# Article from Washington Post



## Kamon A. Reynolds (Apr 15, 2012)

I agree with the article.

"We don't need no education" Oh wait that's exactly what we need! We need beekeepers who are more knowledgeable about bees, their needs, and how we manage "should" them.

What we don't need is multi millions of tax dollars funding CCD Research. Spend the money on our veterans!


----------



## phyber (Apr 14, 2015)

I also like how they believe "colonies" is somehow equal to "bees"

Sure, there may be an incline of colonies of bees, as it's easy to go from 1 to 2 by just doing a split...but that doesn't mean there are more bees out in the fields pollinating and collecting.


----------



## aunt betty (May 4, 2015)

They aren't counting bees but are counting beekeepers and how many hives they keep. 
It's sort of like the hunting data I turn in each year.

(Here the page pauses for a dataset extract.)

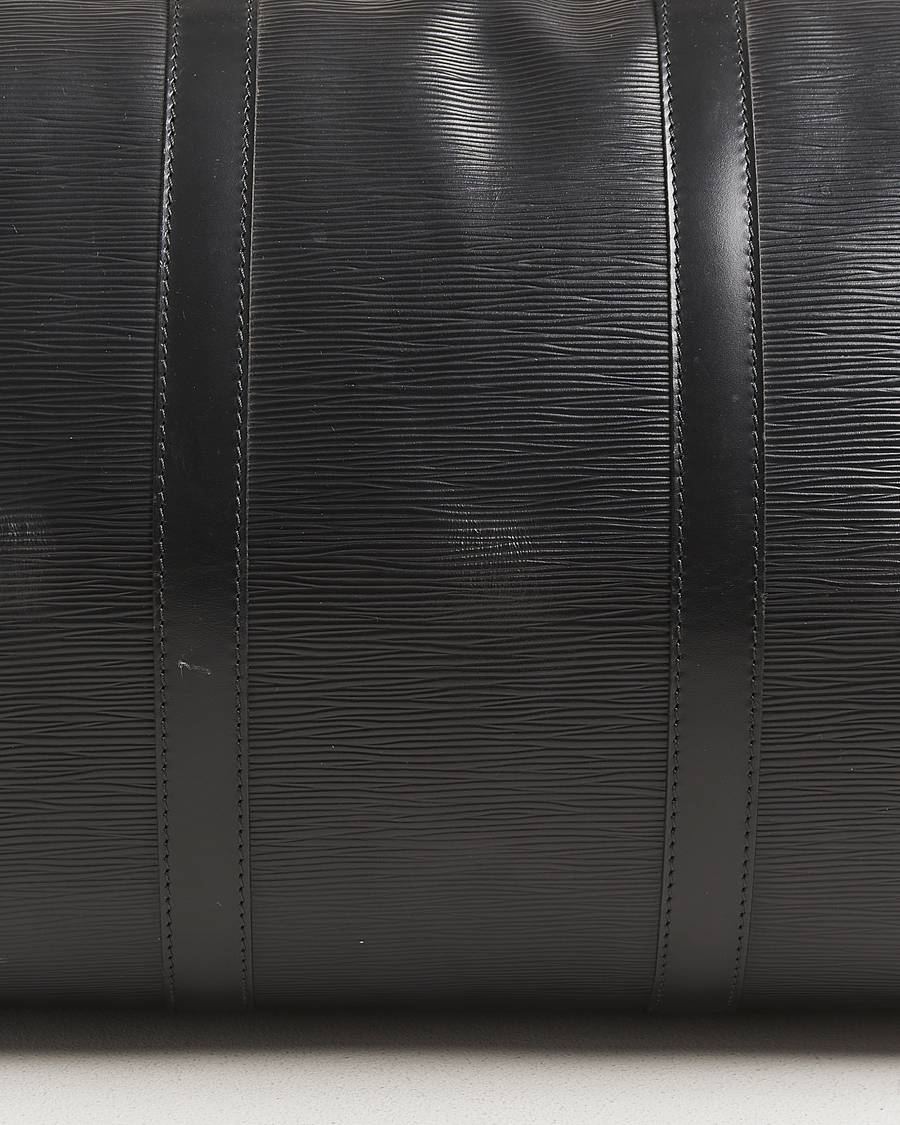 Uomini | Louis Vuitton Pre-Owned Keepall 50 Epi Leather Black | Louis Vuitton Pre-Owned | Keepall 50 Epi Leather Black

Most years I lie and say I didn't kill any birds. Why?
Suppose I'm honest and say I killed 152 mallard ducks at such and such WMA. Next year everyone would be in my spot.

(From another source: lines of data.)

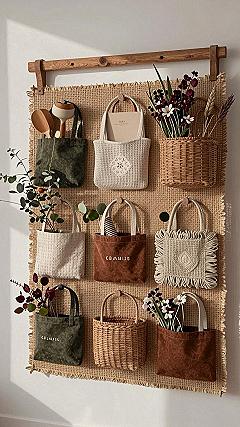 Using Hanging Wall Pockets for Smart Kitchen Storage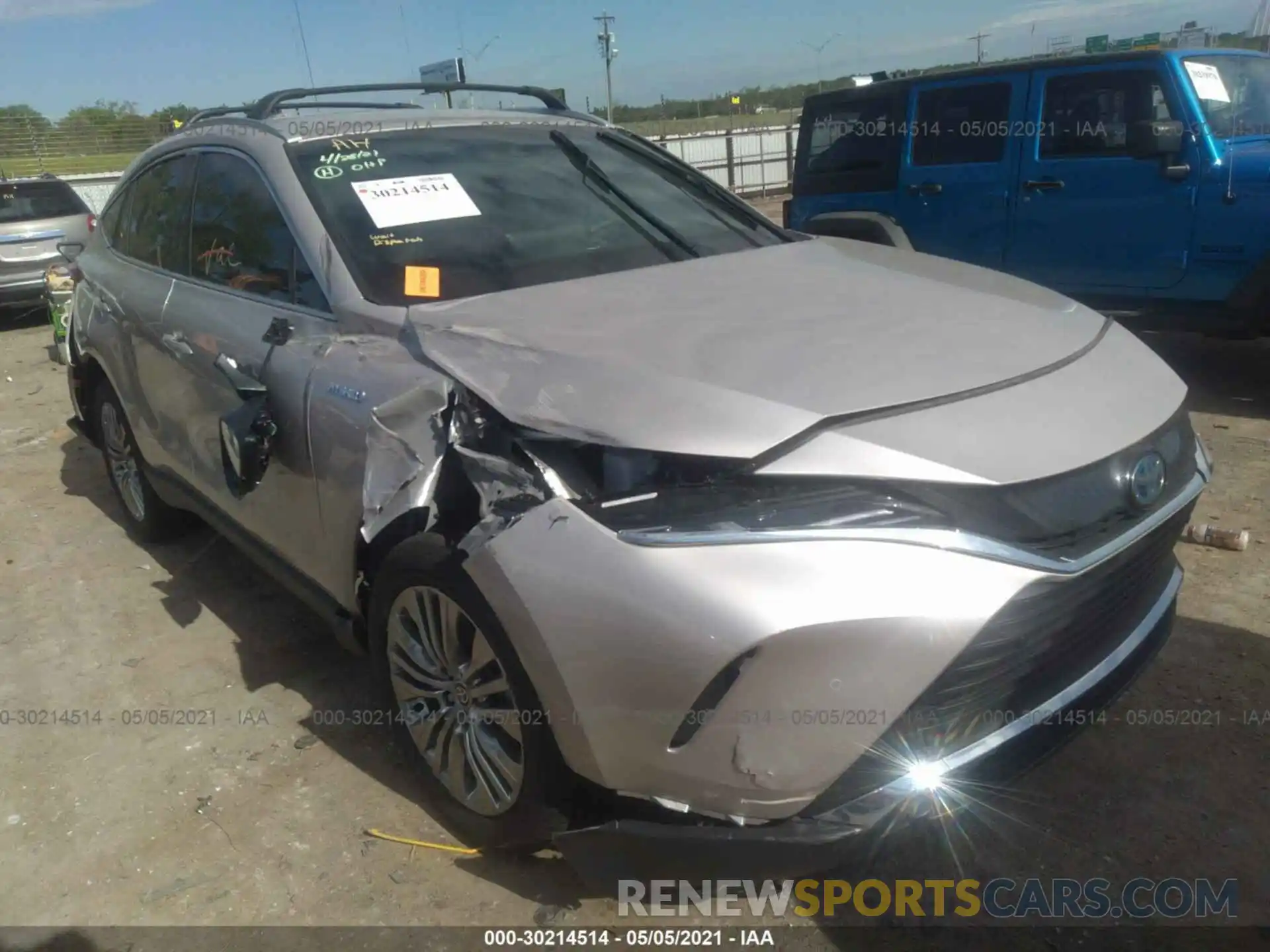 1 Photograph of a damaged car JTEAAAAH4MJ029718 TOYOTA VENZA 2021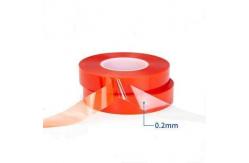 China 1240mm Red Liner Double Sided Tape Strong Stick Double Sided PET Tape supplier
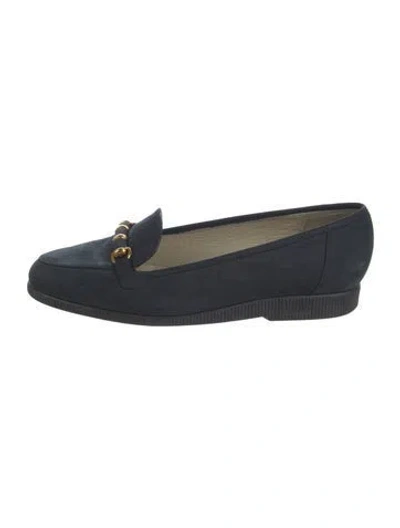 Pre-owned Bally Suede Loafers In Blue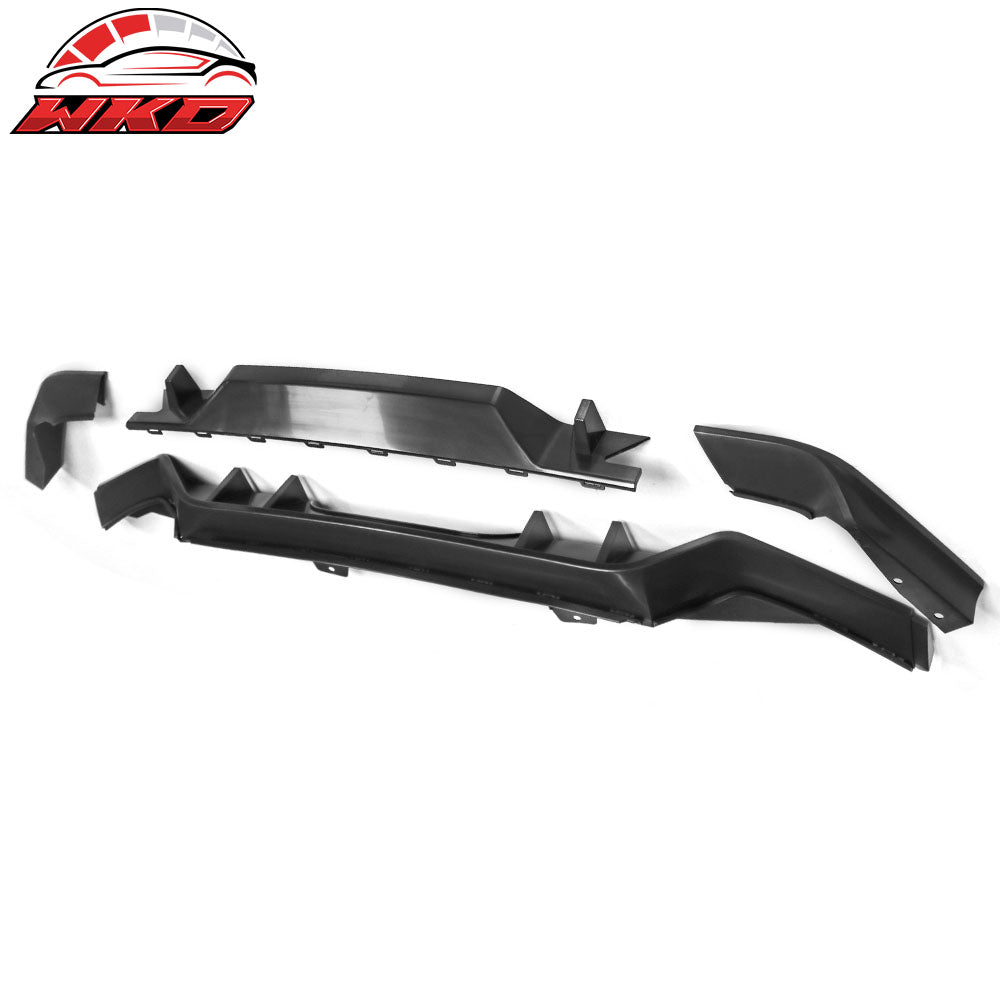 Fits 17-21 Honda Civic Hatchback Type R Rear Bumper Lip Conversion Kit - PP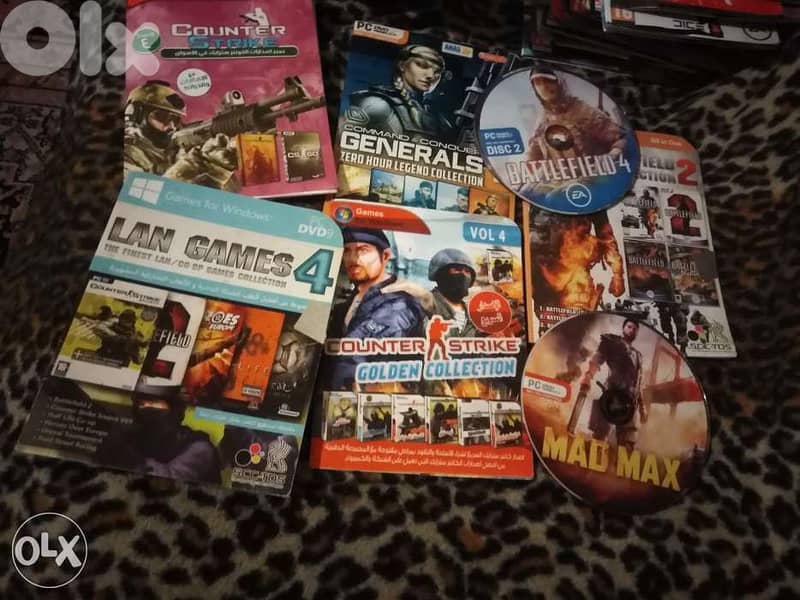 العاب كمبيوتر خرج محل كمبيوتر كلون مجربين وشغالين pc games 0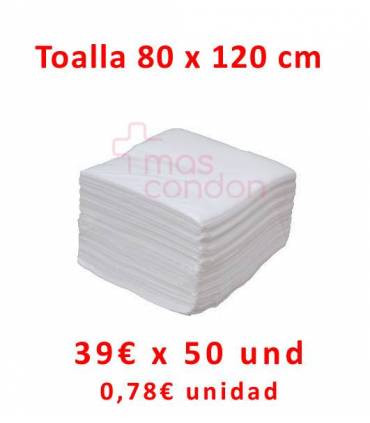 Mascondon Toallas desechables Toallas desechables 80x120 cm 50 und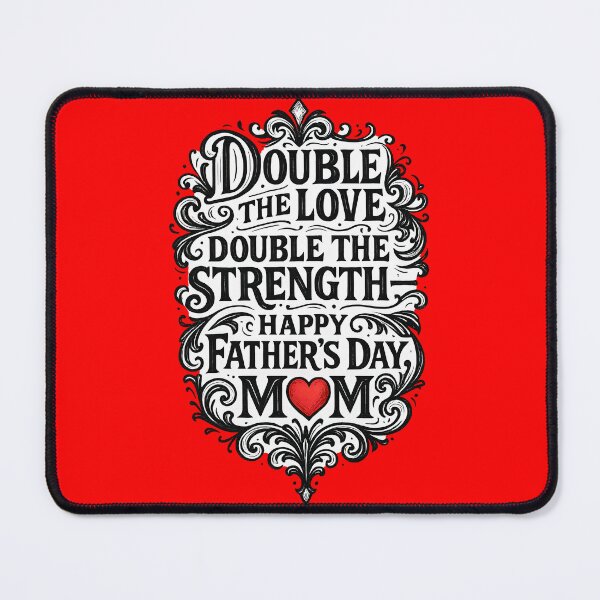 Item preview, Double the Love, Double the Strength – Elegant Father’s Day Gift for Mom designed and sold by Sepinik.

The beekeeping data is equally in-accurate I suspect. Not everyone registers all their hives and some don't register any of them. Why? They don't want some idiot "bee inspector" making them burn it all just to find out "aw shucks, it wasn't AFB after all".
I've met all types and there are many variations of beekeepers. Some off the radar, some on.


----------



## beeware10 (Jul 25, 2010)

aunt betty-- with your opinion of bee inspectors it looks like your the type of beekeeper that inspectors protect us from.


----------



## Harley Craig (Sep 18, 2012)

aunt betty said:


> They aren't counting bees but are counting beekeepers and how many hives they keep.
> It's sort of like the hunting data I turn in each year.
> 
> Most years I lie and say I didn't kill any birds. Why?
> ...


with stories like this? can you blame people? FWIW I have my hives registered but it does make one second guess it. http://articles.mercola.com/sites/a...05/monsanto-roundup-effects-on-honeybees.aspx


----------



## jim lyon (Feb 19, 2006)

I think the article is pretty much on the mark. Through this all no crops have suffered for lack of available bees for pollination. There are a couple of ways to quantify colony strength. The most obvious is the industry's ability to come up with over a million and a half colonies that make grade for almond production and they do so in early February when colonies are seasonally at a low ebb and many hives stay in Florida raising a citrus crop. Weak hives? Not when we have concrete evidence that almond production continues to grow. Secondly honey production has increased in recent years years and this is at a time when modern farming practices continues to reduce the amount of forage. Sure beekeepers have challenges, lots of them, but as the article correctly points out, none of this is a result of government action or more funding for more research but rather a product of our free market system. If it's profitable the beekeepers will figure a way and the bees will come, the bees most definitely will come.


----------



## Harley Craig (Sep 18, 2012)

beeware10 said:


> aunt betty-- with your opinion of bee inspectors it looks like your the type of beekeeper that inspectors protect us from.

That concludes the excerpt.